■ **Directions**
Repeat the data that follows exactly, starting at the line with "Affiche de Cruzille, calculée" and ending at the line with "Подвеска из натурального", and leave out every picture.

■ **Supplied material**
------------------------------------------------------------------------
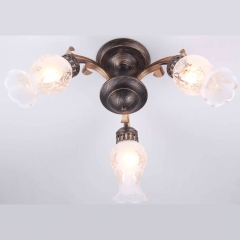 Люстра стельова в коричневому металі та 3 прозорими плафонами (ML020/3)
------------------------------------------------------------------------
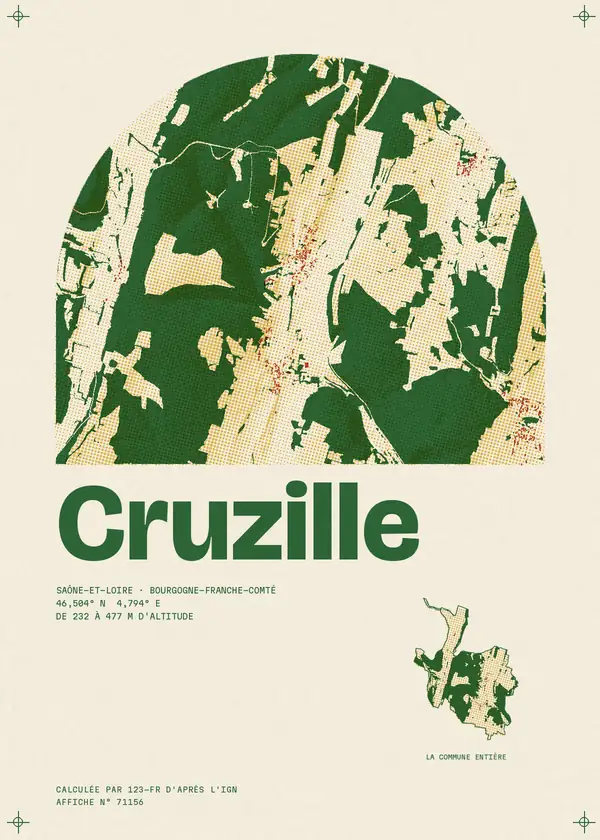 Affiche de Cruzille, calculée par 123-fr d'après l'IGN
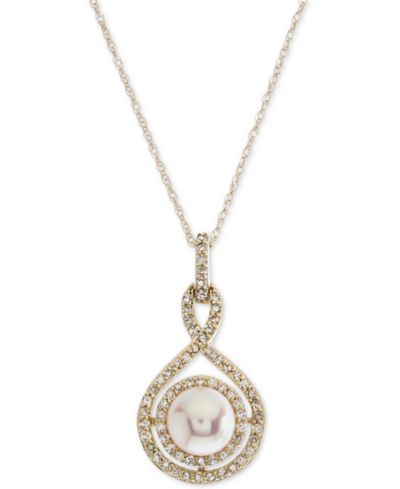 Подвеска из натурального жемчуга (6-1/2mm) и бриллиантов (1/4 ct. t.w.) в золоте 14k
------------------------------------------------------------------------
■ **Exercise result**
 Affiche de Cruzille, calculée par 123-fr d'après l'IGN
 Подвеска из натурального жемчуга (6-1/2mm) и бриллиантов (1/4 ct. t.w.) в золоте 14k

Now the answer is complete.